Valora a justifié cette cession par la volonté de se concentrer sur son activité de loin la plus rentable: la vente de bretzels dans les gares et les centres-villes. Depuis le rachat des boulangeries helvético-allemandes Ditsch (basée à Mainz) et Bretzelkönig (à Emmenbrücke), la marque de petits pains pochés au bicarbonate est devenue le joyau de la couronne de Valora. Dépassant déjà les 100 millions de francs, les ventes gonflent à vue d’œil chaque trimestre. Surtout, la marge bénéficiaire des bretzels (14,5%) est dix fois plus élevée que celle des activités de distribution (1,4%).
De nouvelles possibilités
Valora a-t-il l’intention de se séparer à terme des activités de distribution aux kiosques indépendants aujourd’hui opérées par Naville? Par exemple en les cédant à Thomas Kirschner? Le groupe de Muttenz n’a pas souhaité répondre. «Il ne serait pas sérieux de s’exprimer aujourd’hui sur l’avenir des activités de distribution», indique sa porte-parole, Stefania Misteli. De son côté, le directeur de Naville se veut rassurant. Il promet que, même si le groupe alémanique a choisi de s’en séparer, le Romand conservera ses activités de livraison aux kiosques indépendants et continuera de développer ses offres logistiques innovantes. Et il n’est pas question non plus de forcer les Romands à manger des bretzels.

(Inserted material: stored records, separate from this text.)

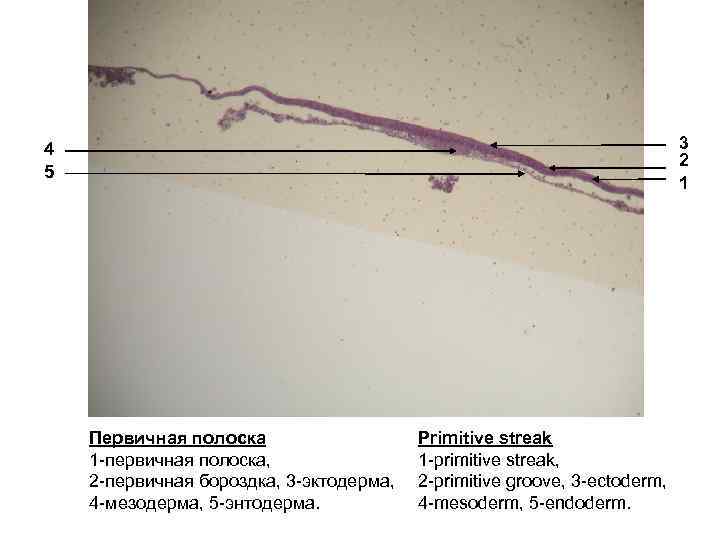 3 2 1 4 5 Первичная полоска 1 -первичная полоска, 2 -первичная бороздка, 3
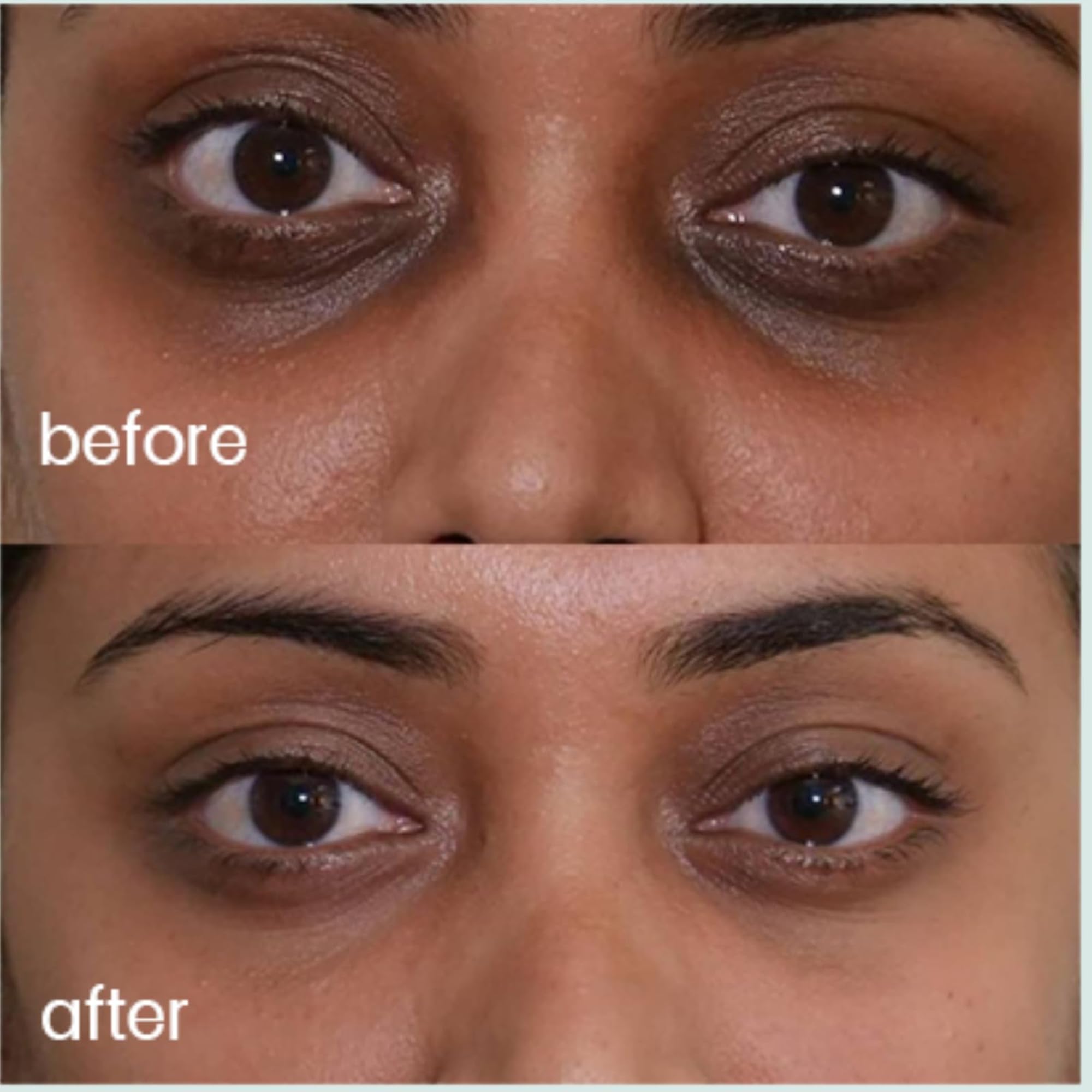Under Eye Cream for Dark Circles I 5% Peptides, 4% Caffeine & 3% Bakuchiol | Reduces Puffiness & Fine Lines | Eye Serum for Men & Women — Amazon image 5
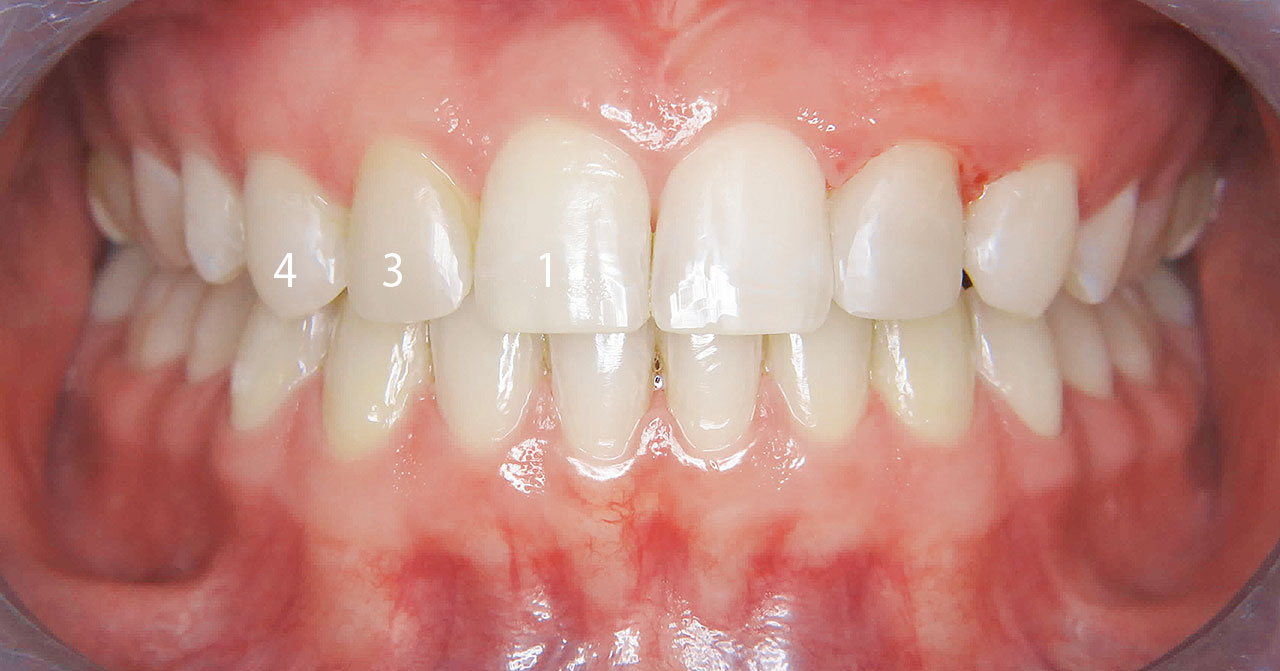 Abb. 7 ... und kosmetische Zahnumformung der mesialisierten Zähne.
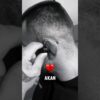 Thumbnail of related posts 159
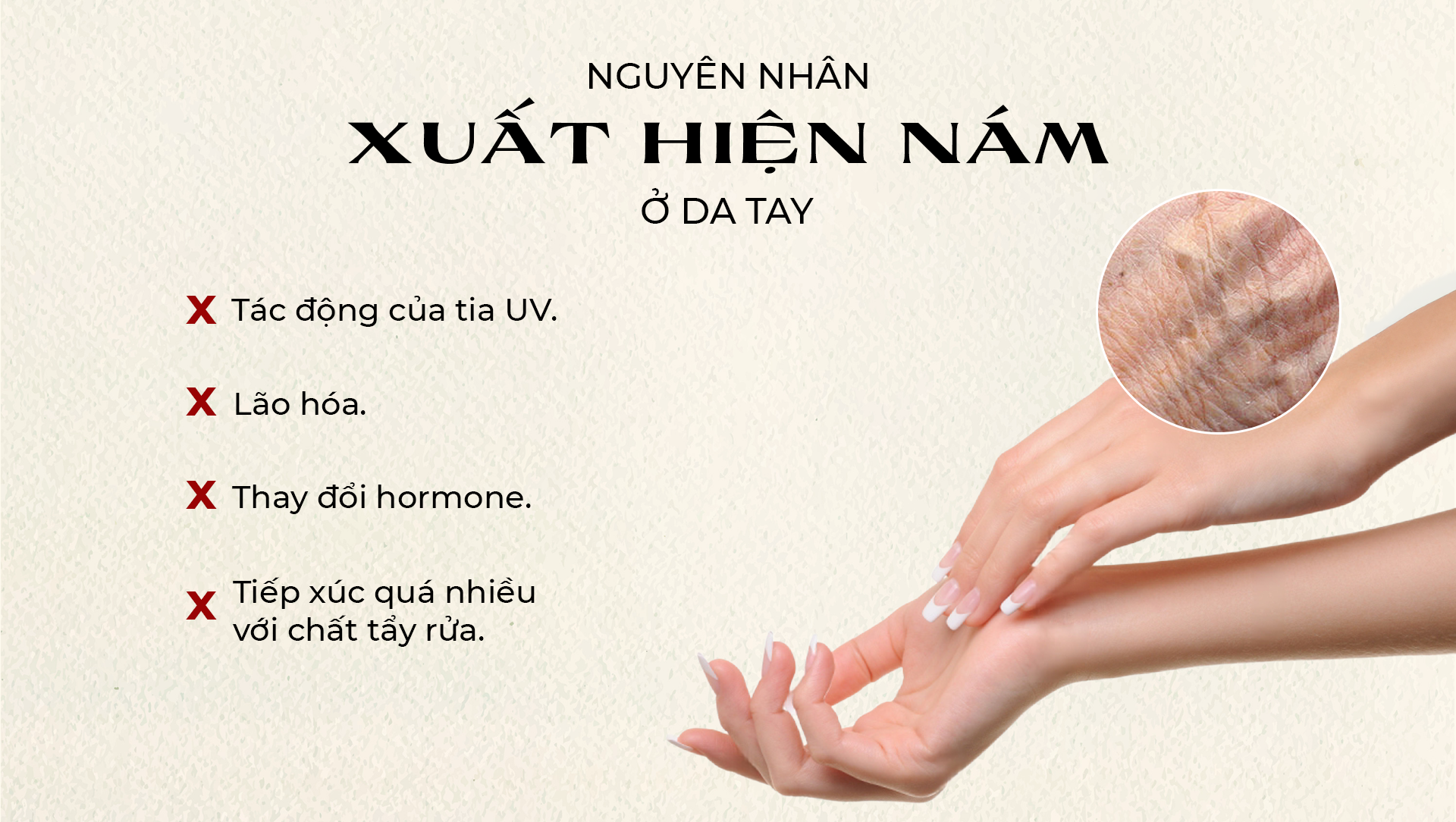 Nguyên nhân xuất hiện nám ở da tay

«Comme elle l’était avec Lagardère, Naville restera romande, tempère Jean-Yves Leroux. L’entreprise y jouit d’une très belle notoriété, elle est très bien implantée dans le tissu local et le restera encore de nombreuses années», promet-il. Le développement du commerce électronique et des services logistiques se poursuivra, assure-t-il. L’arrivée du groupe de Thomas Kirschner ouvre même de nouvelles possibilités, estime le directeur de Naville: «Cela a tout son sens de travailler à trois dans ce domaine.»
Et question snacks de gare, les Romands seront servis. Naville a scellé un partenariat avec le géant américain du sandwich Subway pour ouvrir plusieurs restaurants. De quoi regretter les bretzels de Valora? Difficile à dire.
1375 Le nombre de kiosques livrés quotidiennement par Naville, dont 175 sont en marque propre.
14% La marge bénéficiaire des ventes de bretzels par Valora.
1,4% La marge de la division Retail de Valora.